I want to iterate over the text fragments that I got by calling “TextFragmentAbsorber.visit”. It works in many cases, but some files caused an OOM error:
Caused by: java.lang.OutOfMemoryError: Java heap space
at com.aspose.pdf.internal.l2u.l0h.lI(Unknown Source)
at com.aspose.pdf.internal.l2u.lu.lI(Unknown Source)
at com.aspose.pdf.internal.l2u.lu.lI(Unknown Source)
at com.aspose.pdf.internal.l2u.lu.lI(Unknown Source)
at com.aspose.pdf.OperatorCollection.lb(Unknown Source)
at com.aspose.pdf.OperatorCollection.ld(Unknown Source)
at com.aspose.pdf.OperatorCollection.size(Unknown Source)
at com.aspose.pdf.internal.l5if.ly.ly(Unknown Source)
at com.aspose.pdf.internal.l5if.ly.ly(Unknown Source)
at com.aspose.pdf.internal.l5if.l0t.lI(Unknown Source)
at com.aspose.pdf.internal.l5if.l0t.lI(Unknown Source)
at com.aspose.pdf.internal.l5if.l0t.le(Unknown Source)
at com.aspose.pdf.internal.l5if.l0t.<init>(Unknown Source)

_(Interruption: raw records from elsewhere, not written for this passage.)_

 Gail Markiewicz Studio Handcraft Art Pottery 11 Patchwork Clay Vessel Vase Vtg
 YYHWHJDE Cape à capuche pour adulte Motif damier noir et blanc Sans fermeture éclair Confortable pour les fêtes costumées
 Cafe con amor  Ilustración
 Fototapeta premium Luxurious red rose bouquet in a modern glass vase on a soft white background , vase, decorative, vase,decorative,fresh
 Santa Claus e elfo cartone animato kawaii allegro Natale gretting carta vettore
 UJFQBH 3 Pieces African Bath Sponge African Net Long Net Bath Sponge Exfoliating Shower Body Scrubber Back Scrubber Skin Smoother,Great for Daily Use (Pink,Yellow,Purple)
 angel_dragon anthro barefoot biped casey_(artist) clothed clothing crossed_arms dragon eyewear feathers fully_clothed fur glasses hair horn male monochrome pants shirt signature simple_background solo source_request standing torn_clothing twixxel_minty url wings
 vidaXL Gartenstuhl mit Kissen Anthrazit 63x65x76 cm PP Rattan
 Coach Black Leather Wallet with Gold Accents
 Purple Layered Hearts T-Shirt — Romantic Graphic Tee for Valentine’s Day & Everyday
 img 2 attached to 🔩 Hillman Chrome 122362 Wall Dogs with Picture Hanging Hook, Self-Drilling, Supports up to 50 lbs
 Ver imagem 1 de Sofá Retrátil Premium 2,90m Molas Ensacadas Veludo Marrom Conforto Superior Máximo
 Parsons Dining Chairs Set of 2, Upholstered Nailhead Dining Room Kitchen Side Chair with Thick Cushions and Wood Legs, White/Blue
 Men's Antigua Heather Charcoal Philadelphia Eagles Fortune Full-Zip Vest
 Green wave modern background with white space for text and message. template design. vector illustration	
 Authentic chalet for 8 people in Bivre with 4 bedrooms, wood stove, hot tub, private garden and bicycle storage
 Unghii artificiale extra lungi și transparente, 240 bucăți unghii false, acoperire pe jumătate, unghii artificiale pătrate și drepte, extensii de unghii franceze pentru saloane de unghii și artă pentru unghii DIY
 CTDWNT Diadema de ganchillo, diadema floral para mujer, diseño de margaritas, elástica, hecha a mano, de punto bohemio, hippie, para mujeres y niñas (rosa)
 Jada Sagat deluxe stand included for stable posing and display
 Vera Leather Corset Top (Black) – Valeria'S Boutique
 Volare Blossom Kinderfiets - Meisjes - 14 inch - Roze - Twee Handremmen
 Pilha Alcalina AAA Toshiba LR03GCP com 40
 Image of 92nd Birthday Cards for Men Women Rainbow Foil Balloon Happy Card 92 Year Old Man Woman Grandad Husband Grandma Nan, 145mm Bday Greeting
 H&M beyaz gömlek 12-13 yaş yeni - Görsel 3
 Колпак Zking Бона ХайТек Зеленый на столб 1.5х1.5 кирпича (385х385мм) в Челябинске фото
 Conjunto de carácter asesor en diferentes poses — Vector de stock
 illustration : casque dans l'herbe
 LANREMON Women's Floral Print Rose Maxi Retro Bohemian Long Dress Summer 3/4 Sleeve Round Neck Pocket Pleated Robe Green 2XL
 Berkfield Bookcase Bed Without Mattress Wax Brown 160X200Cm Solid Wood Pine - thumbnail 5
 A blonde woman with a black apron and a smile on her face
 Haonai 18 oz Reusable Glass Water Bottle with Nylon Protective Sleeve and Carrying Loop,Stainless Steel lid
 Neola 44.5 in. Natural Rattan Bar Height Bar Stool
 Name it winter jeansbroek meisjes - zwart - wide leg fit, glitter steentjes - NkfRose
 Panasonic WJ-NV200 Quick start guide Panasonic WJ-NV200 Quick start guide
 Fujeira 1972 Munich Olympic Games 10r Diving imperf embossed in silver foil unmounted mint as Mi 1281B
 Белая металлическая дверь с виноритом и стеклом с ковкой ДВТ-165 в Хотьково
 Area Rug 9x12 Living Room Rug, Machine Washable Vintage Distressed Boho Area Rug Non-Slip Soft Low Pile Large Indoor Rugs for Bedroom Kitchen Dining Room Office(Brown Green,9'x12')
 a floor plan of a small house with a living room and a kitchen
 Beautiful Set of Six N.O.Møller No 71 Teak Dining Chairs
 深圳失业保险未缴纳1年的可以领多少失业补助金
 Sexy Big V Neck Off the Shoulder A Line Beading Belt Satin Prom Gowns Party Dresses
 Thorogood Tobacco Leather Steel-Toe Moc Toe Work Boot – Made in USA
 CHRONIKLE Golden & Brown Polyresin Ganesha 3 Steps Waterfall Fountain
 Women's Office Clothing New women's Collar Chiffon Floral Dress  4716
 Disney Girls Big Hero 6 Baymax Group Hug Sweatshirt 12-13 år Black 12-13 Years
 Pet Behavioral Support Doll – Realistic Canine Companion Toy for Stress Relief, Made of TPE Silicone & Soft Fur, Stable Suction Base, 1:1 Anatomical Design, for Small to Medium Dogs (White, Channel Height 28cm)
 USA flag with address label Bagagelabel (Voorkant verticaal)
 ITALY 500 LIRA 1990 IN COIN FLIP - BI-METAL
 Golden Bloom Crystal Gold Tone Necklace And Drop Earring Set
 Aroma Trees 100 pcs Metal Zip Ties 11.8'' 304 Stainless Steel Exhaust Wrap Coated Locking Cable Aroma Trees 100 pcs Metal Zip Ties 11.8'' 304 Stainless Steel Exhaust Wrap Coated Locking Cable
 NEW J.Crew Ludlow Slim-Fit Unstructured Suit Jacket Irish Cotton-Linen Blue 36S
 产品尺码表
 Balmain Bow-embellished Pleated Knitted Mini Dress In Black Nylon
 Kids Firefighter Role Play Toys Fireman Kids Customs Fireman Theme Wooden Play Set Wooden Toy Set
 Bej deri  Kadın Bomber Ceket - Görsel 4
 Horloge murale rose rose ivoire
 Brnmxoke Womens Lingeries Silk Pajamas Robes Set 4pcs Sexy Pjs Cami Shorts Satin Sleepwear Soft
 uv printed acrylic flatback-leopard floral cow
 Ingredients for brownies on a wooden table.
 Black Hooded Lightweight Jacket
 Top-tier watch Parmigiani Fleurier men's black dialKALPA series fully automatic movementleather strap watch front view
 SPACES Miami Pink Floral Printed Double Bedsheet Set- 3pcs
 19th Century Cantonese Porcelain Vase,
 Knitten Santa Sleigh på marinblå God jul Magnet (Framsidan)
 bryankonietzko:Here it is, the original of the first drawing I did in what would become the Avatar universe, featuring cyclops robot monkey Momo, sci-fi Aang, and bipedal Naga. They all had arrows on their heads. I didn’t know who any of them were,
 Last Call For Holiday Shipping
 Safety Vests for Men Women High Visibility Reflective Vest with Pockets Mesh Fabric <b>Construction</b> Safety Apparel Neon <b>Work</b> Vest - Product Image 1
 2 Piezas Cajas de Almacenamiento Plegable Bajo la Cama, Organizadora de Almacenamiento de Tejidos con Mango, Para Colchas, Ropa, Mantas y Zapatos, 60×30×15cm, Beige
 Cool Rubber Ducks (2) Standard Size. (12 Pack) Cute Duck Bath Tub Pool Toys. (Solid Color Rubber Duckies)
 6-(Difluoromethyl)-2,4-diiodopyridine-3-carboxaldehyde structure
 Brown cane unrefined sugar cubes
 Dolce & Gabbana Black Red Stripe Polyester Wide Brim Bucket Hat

at com.aspose.pdf.internal.l5if.l0t.<init>(Unknown Source)
at com.aspose.pdf.TextFragmentAbsorber.visit(Unknown Source)
The source:
TextFragmentAbsorber textFragmentAbsorber = new TextFragmentAbsorber("[\\S ]+",
new TextSearchOptions(true));
textFragmentAbsorber.visit(pdf);
Java 14 (openjdk), aspose-pdf 21.5.
test1.pdf (1.6 MB)